Holding a platform for deferred tax filing does not mean that the tax rate of 20% of "income from property transfer" can be applied. As mentioned above, it is taxed according to business income.

Case: 300985 Zhiyuan Xinneng IPO and listing on GEM prospectus.

On September 25th, 20 19, the investors decided that Changchun Huifeng, a shareholder, would transfer his shares in the company to Wang Ran at the price of RMB, Changchun Huifeng would transfer his shares in the company to Zhongzhi Huiyuan at the price of RMB, and Changchun Huifeng would transfer his shares in the company to Wu Weigang at the price of RMB 10,000. On the same day, Changchun Huifeng signed the Equity Transfer Agreement with Wang Ran, Zhongzhi Huiyuan and Wu Weigang respectively.

In order to ensure the sustained and stable development of the company, the issuer considers binding with the personal interests of the core employees, sharing the growth value of the company, and decides to grant shares to the core employees of the company. Unity of will is the shareholding platform of the core employees of the company. The transfer of equity to Zhongzhi Huiyuan at the nominal price of 1 yuan is an equity incentive made by the issuer in consideration of the position of the transferee's investor and the degree of contribution to the company, and the issuer has confirmed the share payment and included it in the management fee at one time.

Wu Weigang is a friend of Bird, the issuer's actual controller, for many years. He has a better understanding of Zhiyuan Equipment's business. In order to be optimistic about the development prospect of Zhiyuan Equipment, he has discussed related investment matters since 20 18. With reference to 20 181February 3 1 day, the owner's equity of the parent company was190,000 yuan. After friendly negotiation, Changchun Huifeng transferred the equity of Zhiyuan Equipment to Wu Weigang for 6 million yuan (corresponding to the registered capital of 10,000 yuan, and the total registered capital of Zhiyuan Equipment at the time of the transaction was 80,000 yuan).

The audited net profit of the company in 20 18 is 40,000 yuan, and the 3% equity of the issuer transferred by Wu Weigang is PE multiple of the net profit in 20 18. This transaction is the true intention of both parties, and the pricing is fair. This transaction is Wu Weigang's personal real investment behavior, and there is no stock holding behavior.

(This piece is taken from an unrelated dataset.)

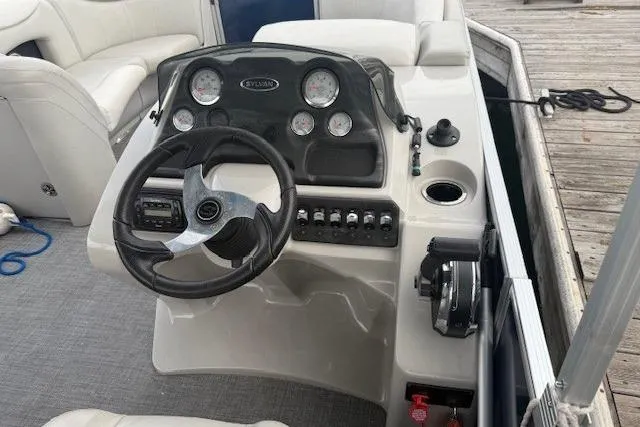 Slide: The Image of 2015 Sylvan Mirage Cruise 8522 LZ boat dashboard with steering wheel and gauges. - 8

According to the Notice of State Taxation Administration of The People's Republic of China, Ministry of Finance on Perfecting Income Tax Policies on Equity Incentive and Technology Participation (Caishui [2016]10/No.), stock options, stock options, restricted stocks and equity incentives granted by non-listed companies to employees of the company can be subject to deferred tax policy after filing with the competent tax authorities, that is. On March 12, 2020, the issuer filed the deferred tax payment of personal income tax for the relevant incentive objects with respect to the above-mentioned equity incentives, and obtained the "Deferred Tax Payment Filing Form for Personal Income Tax of Non-listed Companies" issued by Chaoyang District Taxation Bureau of Changchun City, State Taxation Administration of The People's Republic of China, confirming that the relevant personnel may not pay taxes temporarily.

Changchun Huifeng has summarized the income from the above equity transfer and paid enterprise income tax in its income tax declaration.

To sum up, the parties involved in the equity transfer have fulfilled their tax obligations in a timely manner or made deferred tax filing, and there is no tax risk in these equity transfers.